The discoveries appear to develop a 2006 finding by co-senior authors, Virginia Lee, PhD, director of the Center for Neurodegenerative Disease Research, and John Q. Trojanowski, MD, PhD, director of the Institute of Aging at Penn. They apparently headed an international team that discovered a protein known as TDP-43 may build up unusually in brain tissue from people with one kind of genetic FTLD. TDP-43 is claimed to be an identified protein extensively expressed throughout the body, with numerous functions, counting adjusting transcription of the genetic code and as scaffolding for nuclear and motor neuron proteins.

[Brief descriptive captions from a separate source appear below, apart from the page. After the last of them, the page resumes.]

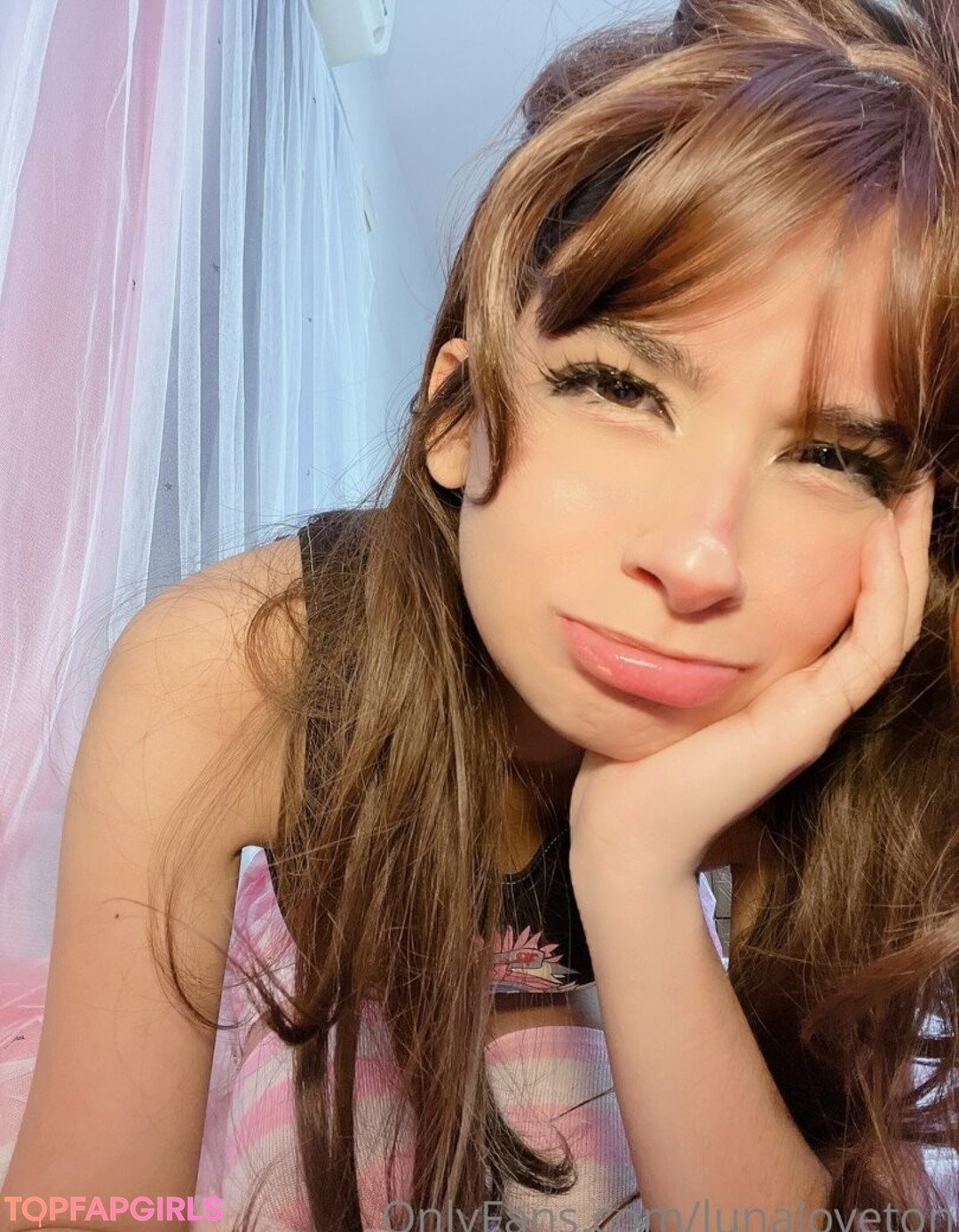 Foto desnuda filtrada de OnlyFans de Lunaloveton #82 Foto desnuda filtrada de OnlyFans de Lunaloveton #82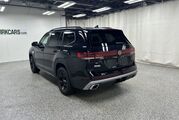 2025 Volkswagen Atlas 2.0T Peak Edition Oshkosh WI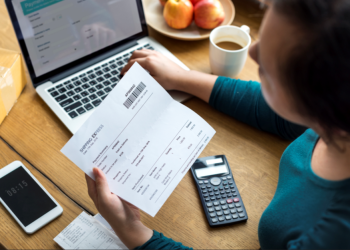 Юрист Иващенко: квитанции по оплате услуг ЖКХ нужно хранить как можно дольше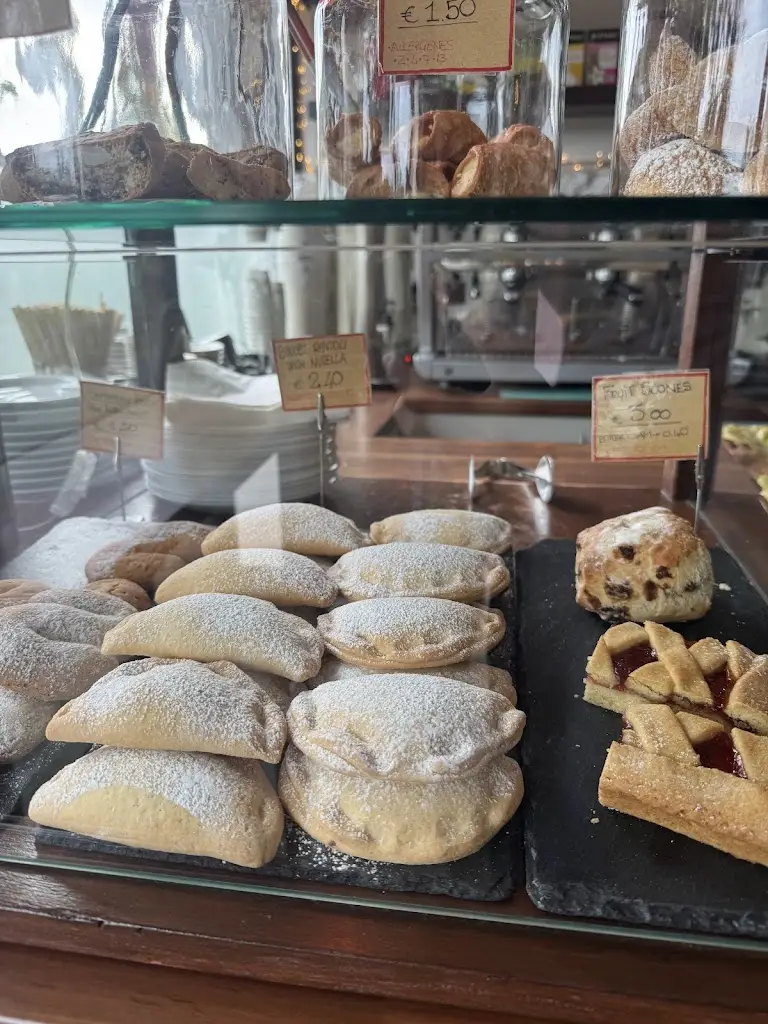 I GUFI CAFE_Bray_slider_image_3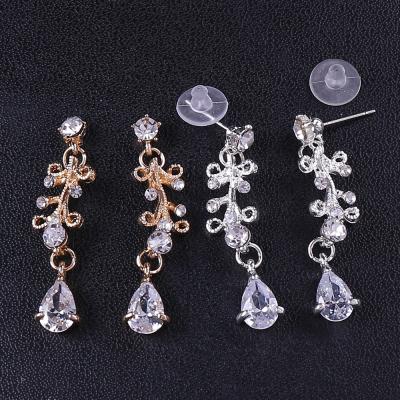 China CLASSIC Korean Zircon Earrings Wedding Accessories Fashion Bridal Ladies Earrings Accessories for sale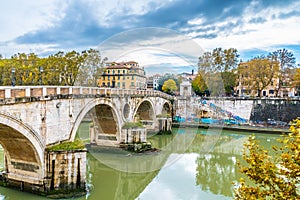 Rome, Italy. Ponte Sisto pedestrian bridge, spanning over River Tiber.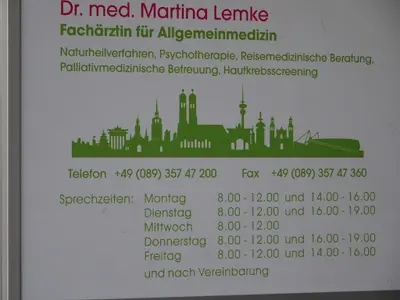 Frau Dr. med. Martina Lemke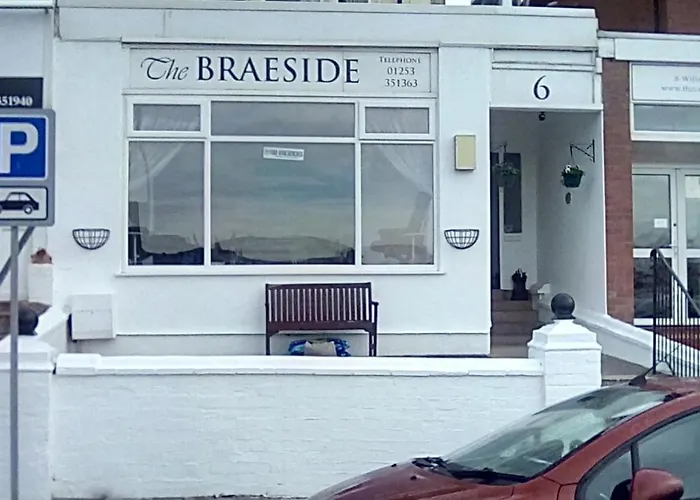 The Braeside Families And Couples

FTLD cases that are typified by TDP-43 additions could be transferred from one generation to the next, as a consequence of mutations in another protein known as progranulin (GRN). By means of post-mortem brain tissue from around 515 patients with TDP-associated FTLD, the team discovered that these patients were with numerous genetic variations named SNPs in common in an area on chromosome 7 including the protein TMEM106B, pitted against 2,500 disease-free controls.
From this, apparently the team concluded that the TMEM106B gene variants seem to present an elevated genetic threat for all FTLD-TDP patients, in addition to in the subset of patients with GRN mutations. Moreover, changes in levels of TMEM106B protein in the brain could be directly or indirectly caught up in causing FTLD.
How TDP-43, GRN, and TMEM106B proteins could naturally act together in brain cells and be disturbed in FTLD remains to be decoded. However, the finding of TMEM106B seems to be a significant step toward an improved comprehension of FTLD. The team apparently plans to sequence the TMEM106B segment of chromosome 7, and in parallel, examine the usual roles of TMEM106B.
The study was published in Nature genetics.